As for VBA you'll learn that here for sure.  It is worthwhile to read a good book such as _Excel VBA Programming for Dummies_ and/or _Excel Power Programming_, both by John Walkenbach.  I also like the titles in the Business Solutions series: _VBA and Macros for Microsoft Excel_ (by our own "Mr Excel" Bill Jelen) and _Formulas and Functions with Microsoft Excel_ (by McFedries)


----------



## T. Valko (Apr 12, 2011)

bigdan said:


> haha OK. anything more realistic? i'd like something more linear, this seems very scattered.

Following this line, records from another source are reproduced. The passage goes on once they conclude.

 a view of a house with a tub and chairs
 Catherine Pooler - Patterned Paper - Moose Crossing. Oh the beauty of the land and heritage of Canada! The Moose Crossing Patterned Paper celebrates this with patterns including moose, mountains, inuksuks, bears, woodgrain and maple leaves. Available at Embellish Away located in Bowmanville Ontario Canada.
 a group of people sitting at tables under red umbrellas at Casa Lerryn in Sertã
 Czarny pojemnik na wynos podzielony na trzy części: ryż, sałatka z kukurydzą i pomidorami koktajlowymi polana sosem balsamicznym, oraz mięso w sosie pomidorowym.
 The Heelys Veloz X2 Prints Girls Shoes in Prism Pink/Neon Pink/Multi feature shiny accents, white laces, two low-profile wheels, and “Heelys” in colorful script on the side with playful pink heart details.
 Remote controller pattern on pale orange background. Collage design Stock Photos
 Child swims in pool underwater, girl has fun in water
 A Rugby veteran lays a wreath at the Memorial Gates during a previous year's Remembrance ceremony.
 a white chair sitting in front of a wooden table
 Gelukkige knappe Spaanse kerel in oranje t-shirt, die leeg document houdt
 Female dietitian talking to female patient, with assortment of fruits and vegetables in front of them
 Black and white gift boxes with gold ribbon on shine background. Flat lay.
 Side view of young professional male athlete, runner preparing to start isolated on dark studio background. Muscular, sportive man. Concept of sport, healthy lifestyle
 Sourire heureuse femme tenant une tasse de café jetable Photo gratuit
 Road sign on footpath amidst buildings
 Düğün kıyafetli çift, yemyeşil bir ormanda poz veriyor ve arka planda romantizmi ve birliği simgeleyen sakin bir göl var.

Well, that's how I did it.

Did it work? Check out my signature!


----------



## bigdan (Apr 12, 2011)

got it. are there any notable books that come to mind? same as with above, with books id prefer to have end of chapter assignments in order to solidify learning.


----------



## Joe4 (Apr 12, 2011)

> are there any notable books that come to mind?


xenou listed a couple in his last paragraph...


----------



## bigdan (Apr 12, 2011)

those are a bit advanced for me. i want something a bit lower. also im not interested in learning vba to *that* level of sophistication, more like being adequate at it. id think a few chapters would suffice.


----------



## xenou (Apr 12, 2011)

Excel VBA for Dummies by Walkenbach is an _excellent _introduction / first book on Excel VBA.

ξ


----------



## personia (Apr 12, 2011)

Do you use Excel for work? If so you might want to ask if they'll pay for you to take instructor-led courses. 

I'm no Excel guru, but I've taken 3 (soon to be 4) at New Horizons and they're awesome for learning the basics. Check out newhorizons.com

Good luck!


----------